IN THE UNITED STATES COURT OF APPEALS FOR THE FIFTH CIRCUIT

No. 01-10038

UNITED STATES OF AMERICA,

Plaintiff-Appellee,

versus

MONTOYA JORDAN; LEWIS HENRY ANTHONY,

Defendants-Appellants.

-------------------- Appeal from the United States District Court for the Northern District of Texas USDC No. 4:00-CR-117-6-A -------------------- May 13, 2002

Before REAVLEY, SMITH, and DENNIS, Circuit Judges

PER CURIAM:*

Montoya Jordan and Lewis Henry Anthony have appealed their

jury convictions of conspiracy to possess and possession of stolen

mail, and bank fraud. We AFFIRM.

Appellants’ contention that the evidence was insufficient to

support their convictions, based principally on the alleged

unreliability of the accomplice testimony, is without merit. See

United States v. Robles-Pantoja, 887 F.2d 1250, 1254-55 (5th Cir.

1989).

* Pursuant to 5TH CIR. R. 47.5, the court has determined that this opinion should not be published and is not precedent except under the limited circumstances set forth in 5TH CIR. R. 47.5.4. No. 01-10038 -2-

Anthony argues that the district court abused its discretion

by admitting into evidence his prior conviction of bank fraud.

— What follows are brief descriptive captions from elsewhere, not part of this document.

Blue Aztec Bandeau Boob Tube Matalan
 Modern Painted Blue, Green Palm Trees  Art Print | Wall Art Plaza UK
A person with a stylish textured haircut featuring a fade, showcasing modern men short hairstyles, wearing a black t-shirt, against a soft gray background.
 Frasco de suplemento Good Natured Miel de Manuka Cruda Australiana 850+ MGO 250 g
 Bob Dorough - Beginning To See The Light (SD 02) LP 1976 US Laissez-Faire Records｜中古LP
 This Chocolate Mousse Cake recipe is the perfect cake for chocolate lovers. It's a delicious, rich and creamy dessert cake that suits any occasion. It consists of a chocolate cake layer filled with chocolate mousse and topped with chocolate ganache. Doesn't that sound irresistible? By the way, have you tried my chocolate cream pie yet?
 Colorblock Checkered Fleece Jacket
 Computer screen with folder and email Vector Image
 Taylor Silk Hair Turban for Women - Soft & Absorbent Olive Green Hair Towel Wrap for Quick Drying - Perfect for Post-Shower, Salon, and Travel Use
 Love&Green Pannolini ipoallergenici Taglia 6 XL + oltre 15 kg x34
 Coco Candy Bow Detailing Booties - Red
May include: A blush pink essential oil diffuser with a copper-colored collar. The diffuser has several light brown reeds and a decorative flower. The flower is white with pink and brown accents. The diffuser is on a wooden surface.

This evidence was admissible because it was relevant to issues

other than Anthony’s character; its probative value was not

substantially outweighed by its prejudicial effect; and it met the

other requirements of FED. R. EVID. 403. See FED. R. EVID. 404(b);

United States v. Richards, 204 F.3d 177, 199-201 (5th Cir.), cert.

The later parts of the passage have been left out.